While each character’s perspective is essential to the whole, Lee’s story is the true north. She has lost her daughter to cancer. The diagnosis coincided with the emergence of strange, snake-like, oily protuberances from the ground. The neighborhood, where Lee’s family lived, has been laid low by the toxic soil from an oil refinery with shoddy disposal practices. Although the plant itself has since closed, it was never proven responsible for the cancer cluster. Lee finds herself struggling against the gentry, but is unwilling to let her daughter’s death remain unexplained. She endeavors to restart her quest for proof and justice.

She dug for another hour. She pitched the shovel into the ground…and threw it behind her. She didn’t’ even worry anymore about what the toxic shit might do to her…when the hole was the size of a small bathtub, she heard Jess’s voice in the sound of digging, Mom, Mom, Mom.

Hal on the behalf of other citizens in Friendswood moves forward with plans to build new homes on the site that is responsible for the cancer causing pollution. Seemingly setting up the good guy and bad guy, the novel has all the trappings of a thriller. Instead a much more powerful exploration of human struggle is revealed. It is one that largely plays out in the mind. These interior struggles, like carcinogens, are largely invisible to the casual observer and just as dangerous. “Hal sat down and just breathed for two minutes. He felt the ache in his heart for whiskey, and said a tired prayer. Help. He checked his voicemail…”

The writing held in Friendswood is astonishing; seeming effortless, in that way that only the most thoroughly practiced and equipped writer can pull off. It is style without its pretense; that rare book that is both literary and accessible. Beyond the gorgeous writing, the character work is exceptional. Steinke alternates from teenage voices and adult voices without losing any gravitas, accessibility, or realism. The novel uses a classic protagonist and antagonist dynamic that feels familiar and comfortable at first, but slowly digs into new and significantly richer material as the fight is clearly being fought within each character. This archetypal struggle revealed in the internal conflicts of the characters brings depth and nuance to each point of view. The complexity and richness of the internal lives makes them empathic and accessible. Even through this pluralistic lens, where an individual’s actions can be taken as either deplorable or laudable, their motivations are never left unexplored or misunderstood. When mapping the dramatic landscape of Friendswood the conflicts between people with differing agendas would be cartography, and what Steinke is doing here is spelunking — getting deep below the surface and to the core of things. “Dex knew he had an inside self that was still unfamiliar to him, a shadowy thing he glimpsed while driving straight on the highway.”
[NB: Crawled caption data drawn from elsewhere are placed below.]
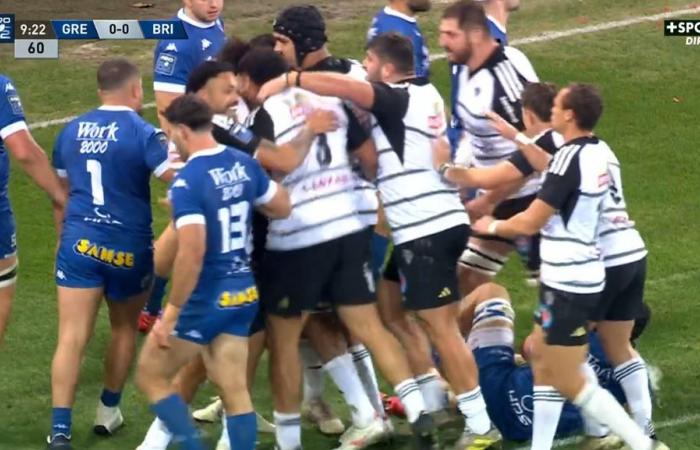 Pro D2 Grenoble – Brive: riassunto della partita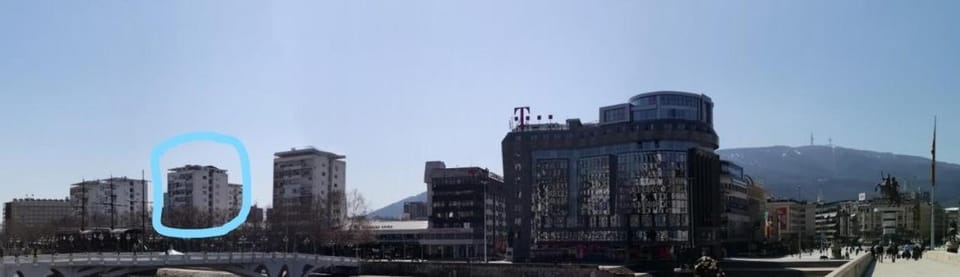 Property building, Mountain view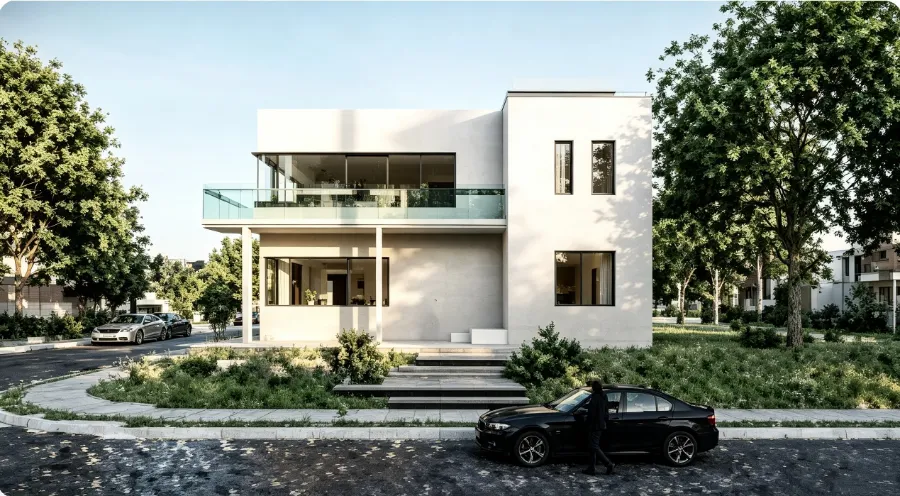ခေတ်မီလူနေမှုဘဝအတွက် Double Layer Prefab Steel Frame House ကို အဘယ်ကြောင့်ရွေးချယ်ရသနည်း။
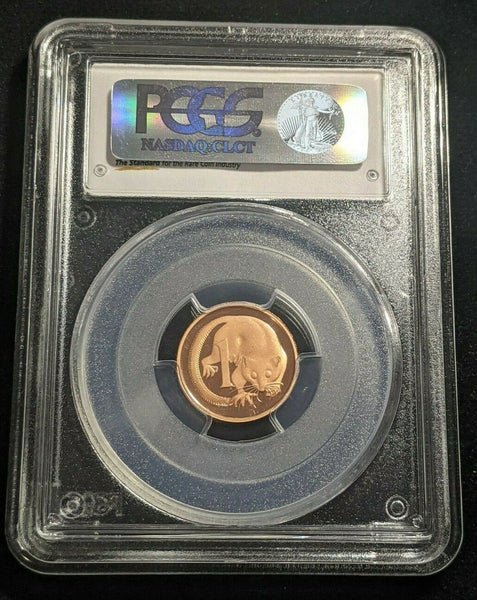 1989 Proof One Cent 1c Australia PCGS PR69DCAM FDC UNC #1756
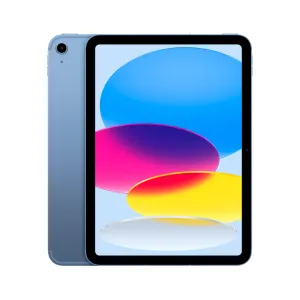2022 Apple 10.9-inch iPad Wi-Fi   Cellular 64GB - Blue (10th Generation)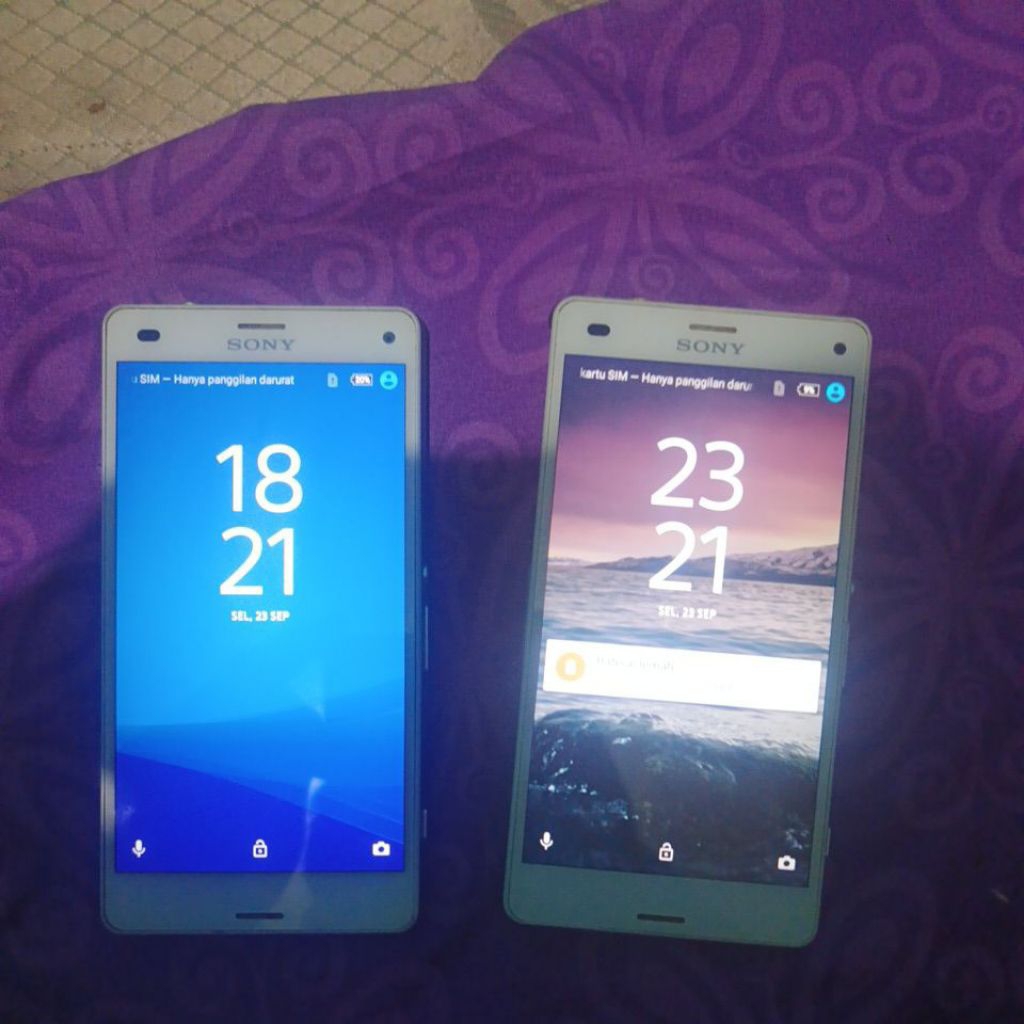sony z3 compact docomo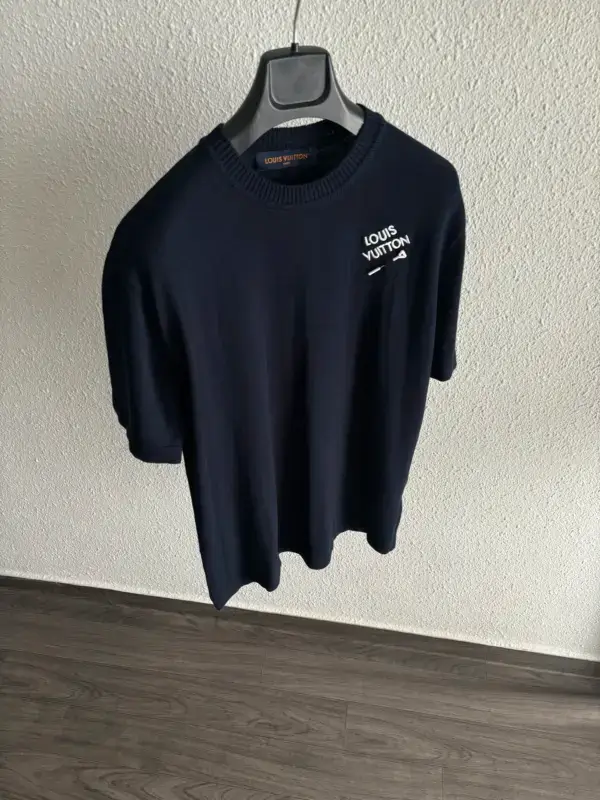Louis Vuitton T-shirt Bleu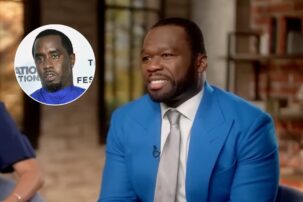 50 Cent Did Diddy Doc Interview on ABC Because It Airs in Prison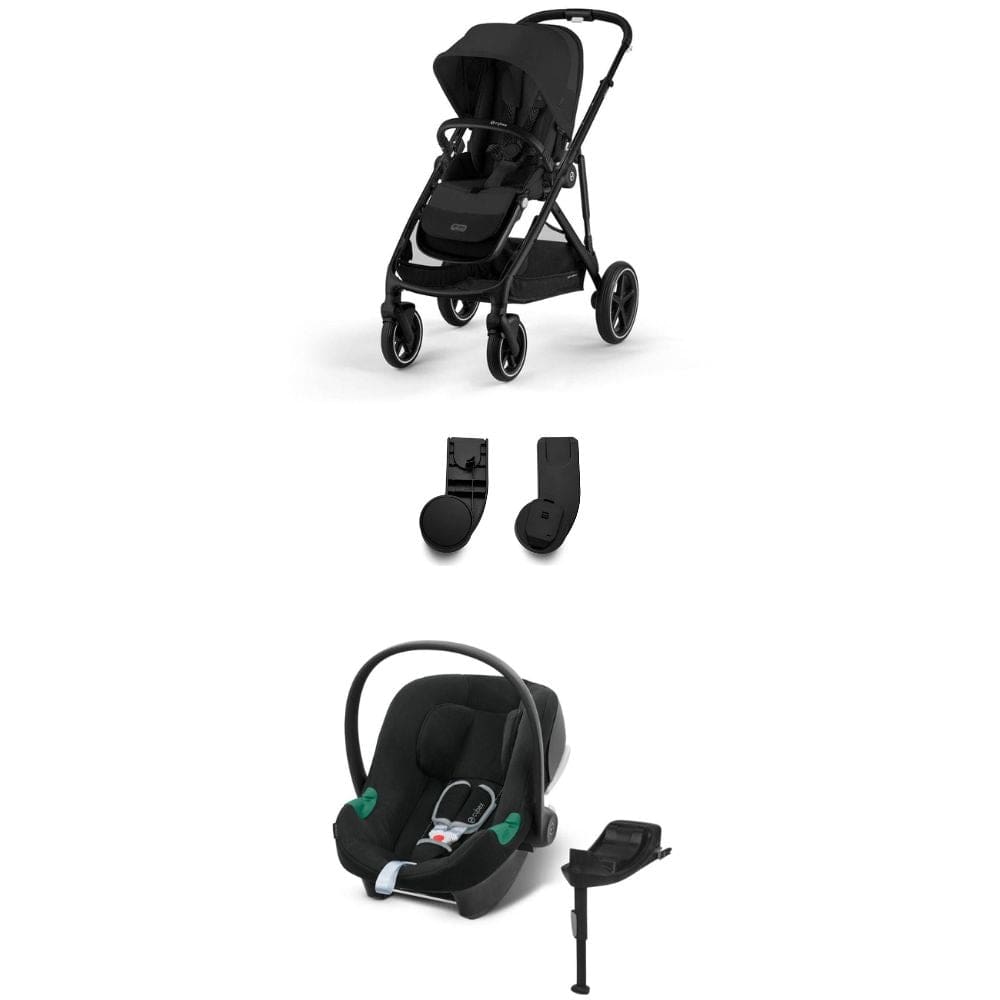Cybex Coches Travel System Arma tu PACK de Coche Gazelle S Cybex con huevo para auto Aton B2 ARMAGAZELLESCONB2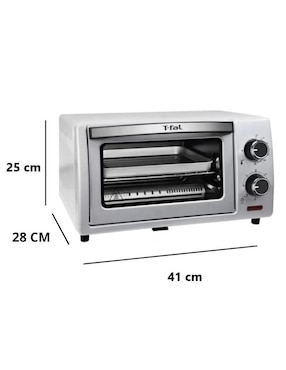 Tostador T-Fal OF500EMX Electrodomésticos de cocina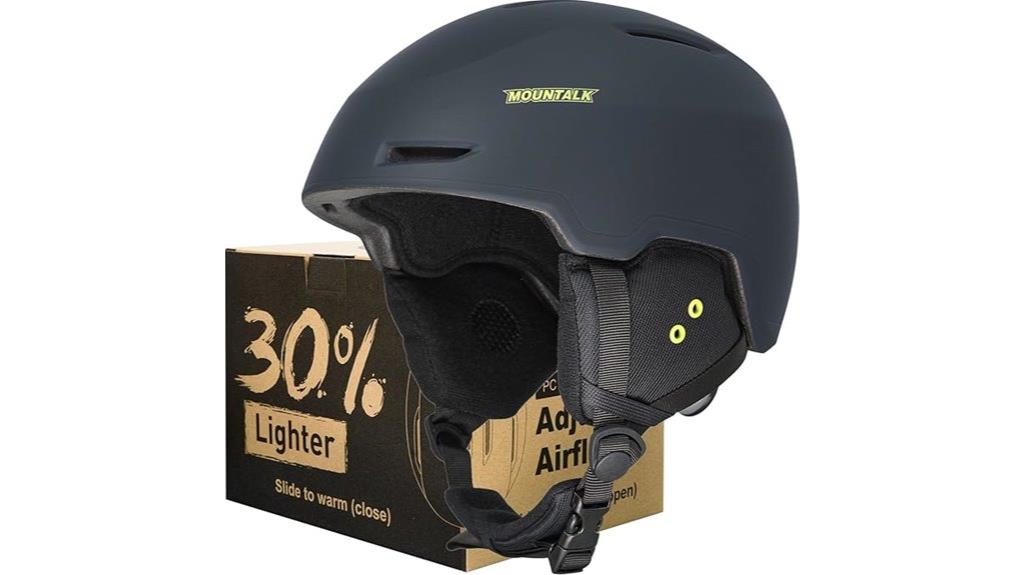 versatile snowboard helmet available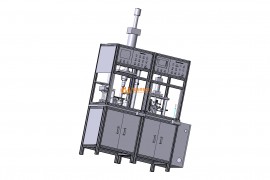 激电环整形压轴机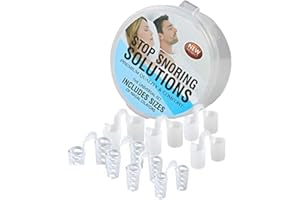 8pcs Dilatatore Nasale Antirussamento Anti Russare Dispositivo Rimedi per Non Russare Smettere di Russare per Dormire Meglio ZITFRI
Yet, it somehow deals with these larger than life issues that can make heroes or cowards of anyone of us. In its most reductive state, this novel deals with the environment verses commerce, religion verse secularism, and the individual verse the society. However, its main preoccupation is people and how they live and how they struggle and how, every day, they are faced with the choice to move forward through life or be swallowed whole.